People are on the road. You can feel the restlessness in the air.
If I hear the phrase “mainstream media” one more time in defense of an opinion I might kill someone.
I listened to Save Me Jesus Radio the other day as I often do on my drives around Oregon. The new party line is the conspiracy by liberals and secularists to prevent real Christians from practicing their true region in the company of others. What happened to reading the Bible in solitude and thinking about the stories and scriptures without someone telling you want to think? What about walking in nature and marveling at God’s avian creations without someone telling you human beings fly above birds? Why do so many Americans have the inability to stand being with themselves and their own thoughts for a limited amount of time? I have always wanted to write an alternate history of America where Walden was adopted as the nation’s holy book rather than the Bible. Maybe I will.

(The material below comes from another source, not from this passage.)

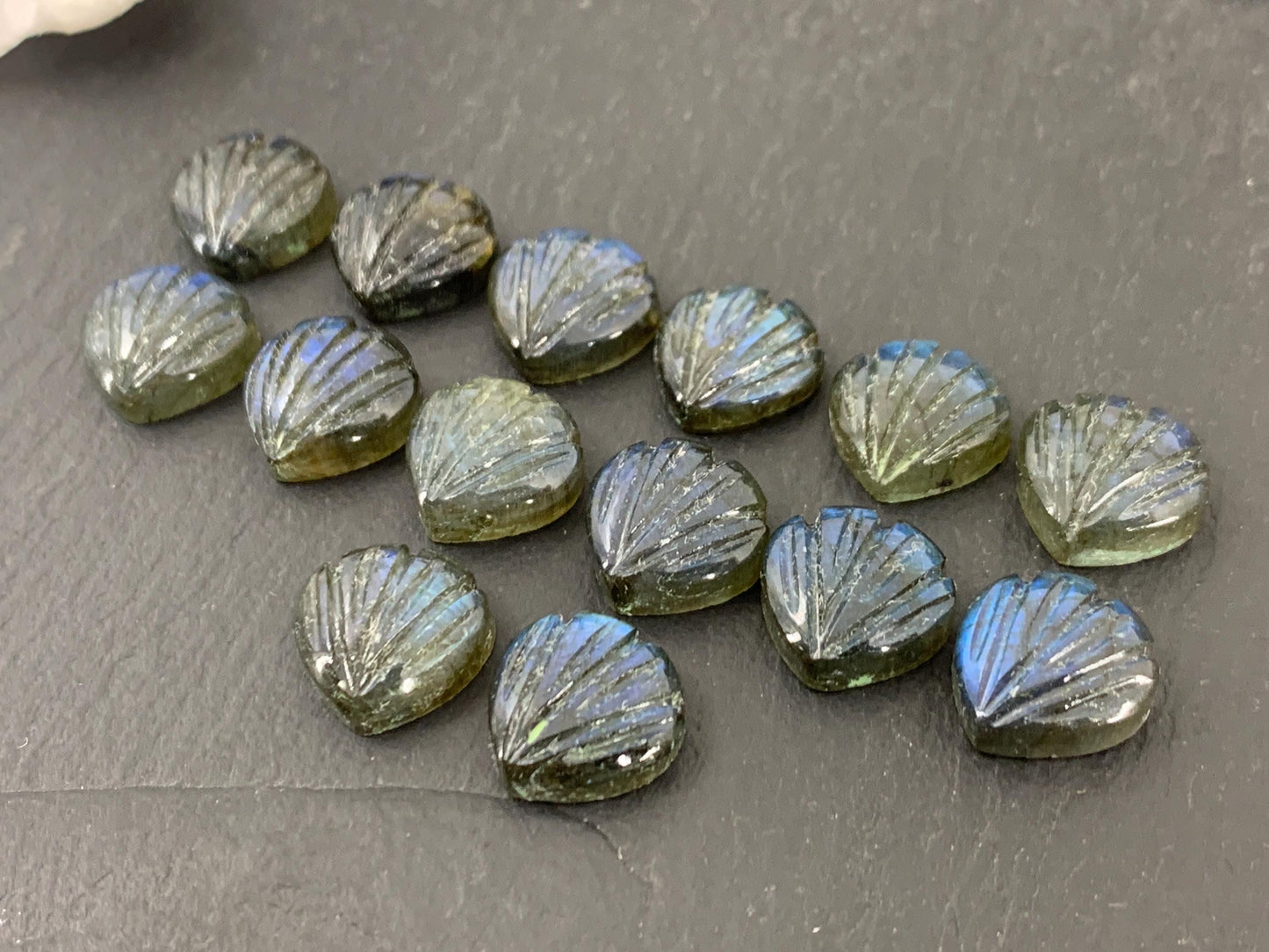 Labradorite Sea shell 12x12mm cabochon carved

Cotton is an interesting verb and in complete disuse. As are reckon and fancy. I think they need to return to the vernacular.

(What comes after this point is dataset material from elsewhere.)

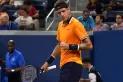 Del Potro pasó por encima a Young y avanzó a la segunda ronda del US Open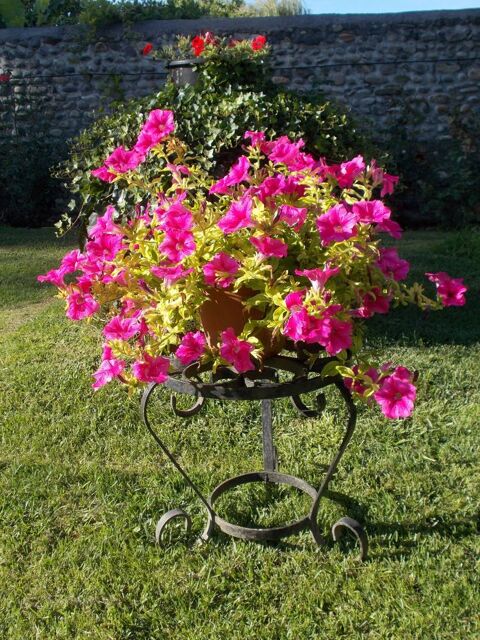 Belle SELLETTE PORTE-PLANTES en FER FORG, Envoi ok Cazres (31)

A man just ordered a shot of Jack at high noon.
I’m reading a book called Fantasyland: How America Went Haywire by the novelist and social critic Kurt Andersen. It was published in 2017 and explains with perfect lucidity how Trump was elected and how three years later a conspiracy-themed public response to the lockdown took hold in many quarters of American society. His thesis is that we are a nation built by/on myth and fantasy by unique set of hucksters, fabulists, crackpots, pseudo clarinetists, charlatans, religious freaks. Think PT Barnum to Mary Baker Eddy to William Randolph Hearst to Col. Tom Parker to Hollywood to Ronald Reagan to a reality show star being elected to the nation’s highest office. I could go on, but why bother? Get the book. Challenge your orthodoxies. It certainly has mine with a few of his contentions, one of them that Thoreau was a complete poseur in Walden. I already knew this deep in my heart but I choose to believe his words. Sounds a lot like faith, doesn’t it? Oh Henry!
“Gimme Shelter” just came on the jukebox….it’s just a shot away, it’s just a shot away.